## Exercise
Look below for the line with "Watch Free Berserk" and the line with "Patsy Cline - Pick Me up on Your Way Down"; repeat exactly those two lines and all lines between them, but no pictures.

## Record set
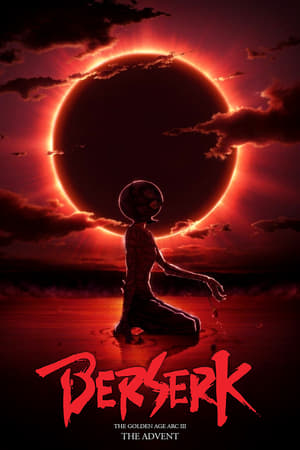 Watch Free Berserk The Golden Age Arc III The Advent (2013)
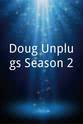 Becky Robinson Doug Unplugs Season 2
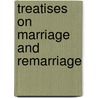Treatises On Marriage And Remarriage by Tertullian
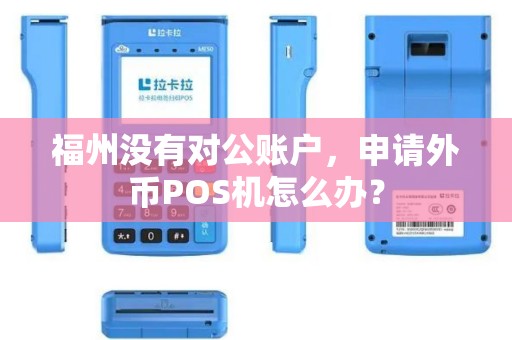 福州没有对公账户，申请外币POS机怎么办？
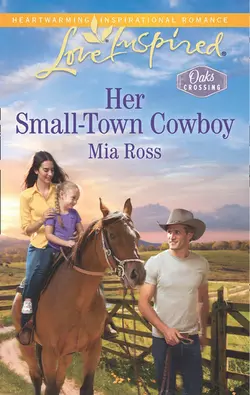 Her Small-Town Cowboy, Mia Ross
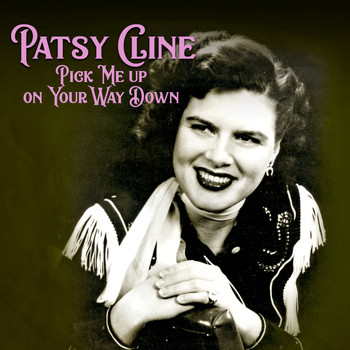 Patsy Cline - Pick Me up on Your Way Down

---

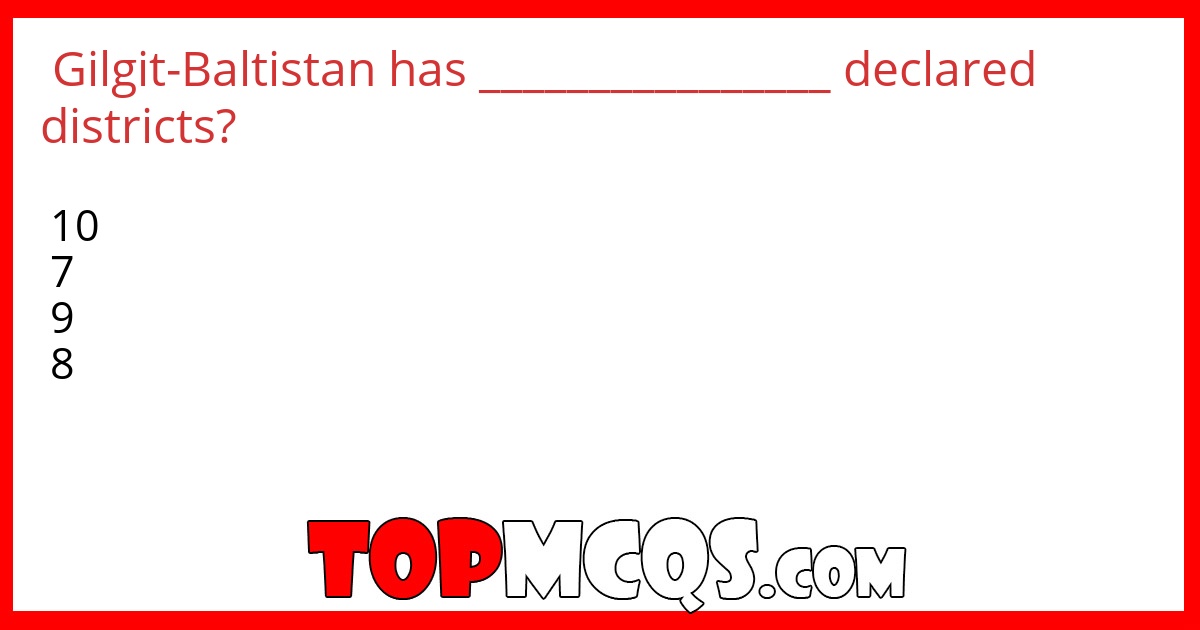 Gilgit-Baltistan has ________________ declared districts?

* * *

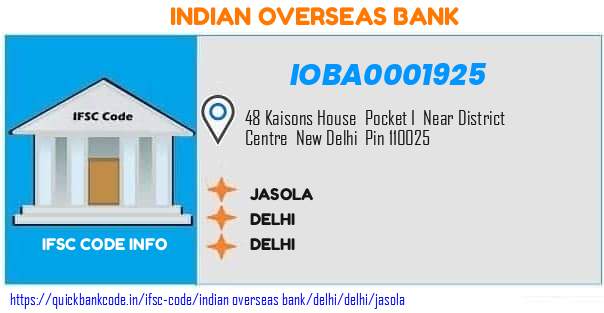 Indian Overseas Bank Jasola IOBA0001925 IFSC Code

## Result for this task
 Watch Free Berserk The Golden Age Arc III The Advent (2013)
 Becky Robinson Doug Unplugs Season 2
Treatises On Marriage And Remarriage by Tertullian
 福州没有对公账户，申请外币POS机怎么办？
 Her Small-Town Cowboy, Mia Ross
 Patsy Cline - Pick Me up on Your Way Down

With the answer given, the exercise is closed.